Could you output exactly the lines running from the one containing "Photo of property" to the final line of the listing below, leaving out pictures?

--- START ---

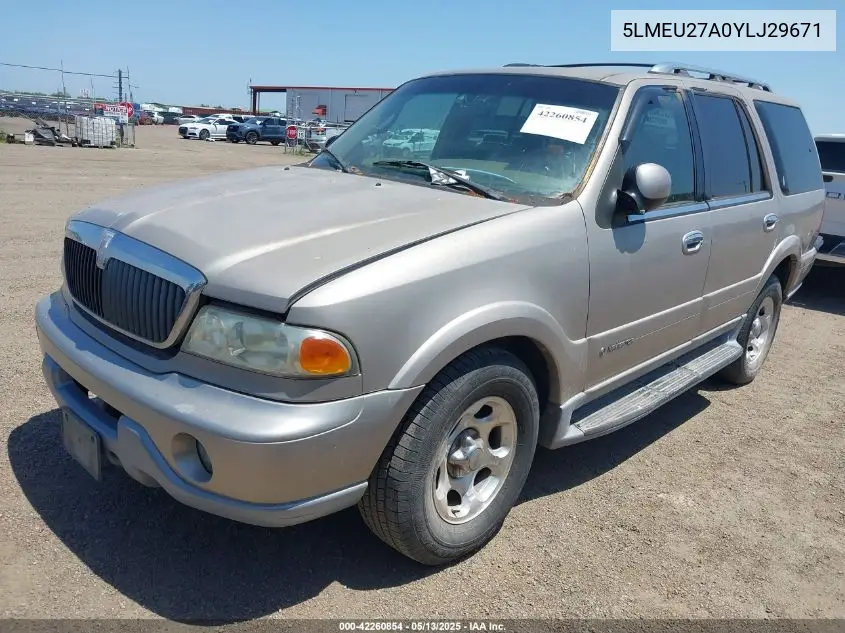 2000 Lincoln Navigator VIN: 5LMEU27A0YLJ29671 Lot: 42260854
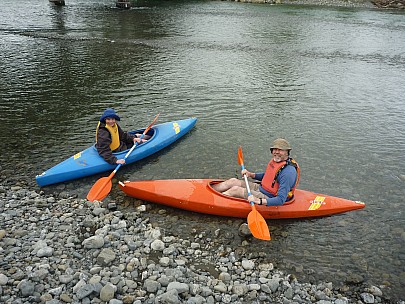 2011-11-26 14.18.12 P1020978 Simon Morison Bush Kayaks in Waiohine.jpeg: 4000x3000, 6896k (2011 Nov 26 14:18)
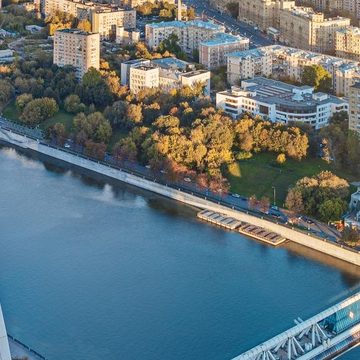 «Любимая столица» речная прогулка по Москве-реке (Круг от Сити до Крымского моста) на люкс-теплоходе «Соболь» и «Августина»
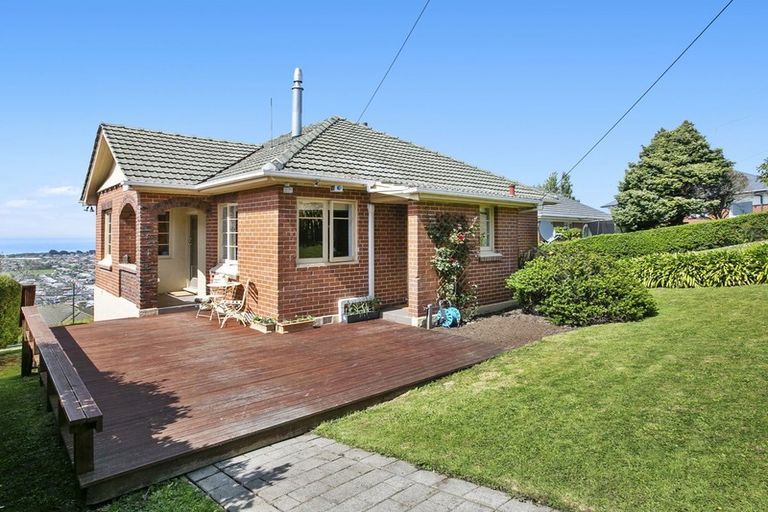 Photo of property in 135 Forfar Street, Clyde Hill, Dunedin, 9011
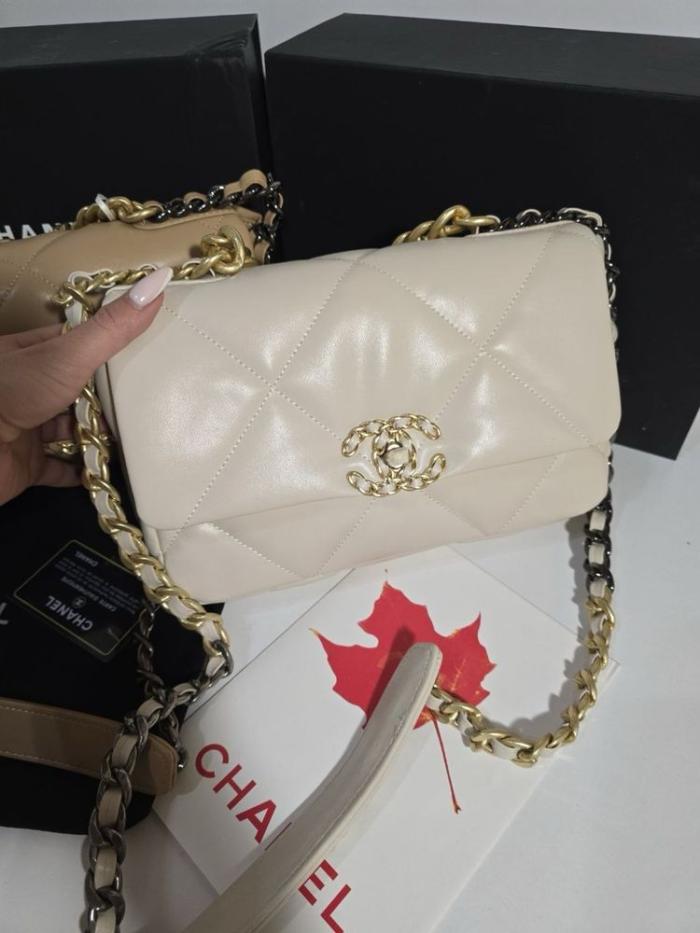 Дамска чанта Chanel 19 Flap Bag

--- END ---

■ RESULT OF THIS EXERCISE:
 Photo of property in 135 Forfar Street, Clyde Hill, Dunedin, 9011
 Дамска чанта Chanel 19 Flap Bag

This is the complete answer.